Fliesen weg – was nun?
Wenn der Vermieter die Fliesen auf dem Balkon bei einer Renovierung entfernen lässt und stattdessen den billigeren Estrich als Bodenbelag wählt, dann hat der Wohnungsmieter keinen Anspruch auf Wiederherstellung des ursprünglichen Zustandes. Das Landgericht Berlin wies darauf hin, dass der Wohnzweck durch den Austausch nicht beeinträchtigt werde. Das sei ganz anders, wenn zum Beispiel im Inneren des Objekts ein Parkettboden oder Stuckdecken verschwänden. Diese erhöhten den Wohnwert (Aktenzeichen 62 S 133/00).
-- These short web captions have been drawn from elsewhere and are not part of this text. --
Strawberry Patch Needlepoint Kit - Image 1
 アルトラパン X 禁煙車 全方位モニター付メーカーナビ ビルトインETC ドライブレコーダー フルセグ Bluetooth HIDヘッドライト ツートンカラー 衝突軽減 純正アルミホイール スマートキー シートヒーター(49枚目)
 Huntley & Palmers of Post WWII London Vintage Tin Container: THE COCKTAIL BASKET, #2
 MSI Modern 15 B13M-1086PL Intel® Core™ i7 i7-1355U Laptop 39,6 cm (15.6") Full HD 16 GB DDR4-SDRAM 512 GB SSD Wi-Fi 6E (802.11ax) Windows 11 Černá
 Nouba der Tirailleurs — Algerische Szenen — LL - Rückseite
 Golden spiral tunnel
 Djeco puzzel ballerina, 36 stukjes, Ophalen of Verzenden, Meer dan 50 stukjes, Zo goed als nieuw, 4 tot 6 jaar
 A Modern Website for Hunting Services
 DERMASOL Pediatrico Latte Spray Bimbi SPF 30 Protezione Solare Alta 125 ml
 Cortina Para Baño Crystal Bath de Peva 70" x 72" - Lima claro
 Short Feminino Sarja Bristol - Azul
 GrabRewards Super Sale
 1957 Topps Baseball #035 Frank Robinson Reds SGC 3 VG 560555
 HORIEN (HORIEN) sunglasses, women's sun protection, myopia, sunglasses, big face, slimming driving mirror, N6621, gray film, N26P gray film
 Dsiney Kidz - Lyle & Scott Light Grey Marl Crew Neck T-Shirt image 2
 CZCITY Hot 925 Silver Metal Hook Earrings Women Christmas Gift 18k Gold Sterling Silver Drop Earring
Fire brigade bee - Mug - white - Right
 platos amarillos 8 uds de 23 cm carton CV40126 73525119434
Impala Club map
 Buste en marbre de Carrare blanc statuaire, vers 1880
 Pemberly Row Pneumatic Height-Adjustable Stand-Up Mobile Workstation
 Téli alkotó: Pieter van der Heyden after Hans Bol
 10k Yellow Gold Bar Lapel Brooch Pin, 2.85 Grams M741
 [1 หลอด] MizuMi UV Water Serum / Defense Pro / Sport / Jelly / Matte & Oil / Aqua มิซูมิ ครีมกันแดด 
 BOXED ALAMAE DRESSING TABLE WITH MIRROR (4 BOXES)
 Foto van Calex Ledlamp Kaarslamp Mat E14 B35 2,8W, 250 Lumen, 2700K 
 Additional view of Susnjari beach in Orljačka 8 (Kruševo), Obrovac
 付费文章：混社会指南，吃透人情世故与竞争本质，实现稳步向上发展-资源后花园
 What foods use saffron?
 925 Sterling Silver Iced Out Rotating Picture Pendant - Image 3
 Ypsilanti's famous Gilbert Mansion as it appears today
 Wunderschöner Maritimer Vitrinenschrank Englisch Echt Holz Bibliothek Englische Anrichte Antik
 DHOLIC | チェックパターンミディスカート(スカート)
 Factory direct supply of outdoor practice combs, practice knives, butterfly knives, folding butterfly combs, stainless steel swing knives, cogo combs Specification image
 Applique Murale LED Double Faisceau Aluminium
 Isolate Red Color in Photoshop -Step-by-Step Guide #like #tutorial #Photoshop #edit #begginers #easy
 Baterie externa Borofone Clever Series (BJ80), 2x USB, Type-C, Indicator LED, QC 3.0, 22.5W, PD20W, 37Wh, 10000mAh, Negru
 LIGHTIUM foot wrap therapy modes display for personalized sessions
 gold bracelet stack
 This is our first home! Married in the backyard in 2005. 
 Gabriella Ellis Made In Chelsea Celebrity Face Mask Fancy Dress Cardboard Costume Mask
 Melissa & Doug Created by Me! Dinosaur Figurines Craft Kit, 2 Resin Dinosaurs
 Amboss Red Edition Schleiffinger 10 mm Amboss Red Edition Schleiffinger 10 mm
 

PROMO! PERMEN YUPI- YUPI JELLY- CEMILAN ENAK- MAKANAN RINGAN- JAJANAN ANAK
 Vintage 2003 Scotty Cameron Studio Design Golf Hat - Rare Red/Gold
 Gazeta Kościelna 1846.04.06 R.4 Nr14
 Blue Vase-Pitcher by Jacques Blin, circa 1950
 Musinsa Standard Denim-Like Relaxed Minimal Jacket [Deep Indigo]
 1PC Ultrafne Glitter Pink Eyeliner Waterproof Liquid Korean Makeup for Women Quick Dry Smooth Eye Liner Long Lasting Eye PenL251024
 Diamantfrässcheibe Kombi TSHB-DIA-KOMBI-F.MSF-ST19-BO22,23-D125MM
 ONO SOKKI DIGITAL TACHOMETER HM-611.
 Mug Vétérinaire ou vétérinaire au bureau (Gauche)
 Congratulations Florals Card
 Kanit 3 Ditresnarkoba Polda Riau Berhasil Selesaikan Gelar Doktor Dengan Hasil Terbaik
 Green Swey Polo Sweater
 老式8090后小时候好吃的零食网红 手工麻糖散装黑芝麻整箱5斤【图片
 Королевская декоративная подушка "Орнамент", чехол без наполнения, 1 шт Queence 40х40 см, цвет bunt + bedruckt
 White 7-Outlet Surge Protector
Fliese ist nicht gleich Fliese!
Ein Wohnungseigentümer hatte nach einem Schadensfall grundsätzlich einen Anspruch auf Austausch einiger Badfliesen. Das Problem war allerdings, dass exakt dieselbe Fliesensorte nicht mehr aufzutreiben war und der Schadenersatzpflichtige nur ein sehr ähnliches Muster verlegen lassen konnte. Die Unterschiede in der Schattierung fielen auf. Trotzdem durfte es so bleiben, entschied das Landgericht München I, denn eine komplette Neuverfliesung des Bades hätte über 6.000 statt der hier eingesetzten 2.600 Euro gekostet. Allerdings erhielt der Betroffene 1.400 Euro Schadenersatz zugesprochen, weil es zu einer Wertminderung gekommen sei (Aktenzeichen 1 T 14345/04).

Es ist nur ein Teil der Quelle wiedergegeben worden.